▶ THE PROBLEM
Repeat each line of the material word for word.

▶ SUPPLIED DATA
* * *

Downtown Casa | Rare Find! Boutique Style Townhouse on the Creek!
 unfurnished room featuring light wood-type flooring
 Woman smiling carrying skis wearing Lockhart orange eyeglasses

* * *

▶ TASK OUTPUT
Downtown Casa | Rare Find! Boutique Style Townhouse on the Creek!
 unfurnished room featuring light wood-type flooring
 Woman smiling carrying skis wearing Lockhart orange eyeglasses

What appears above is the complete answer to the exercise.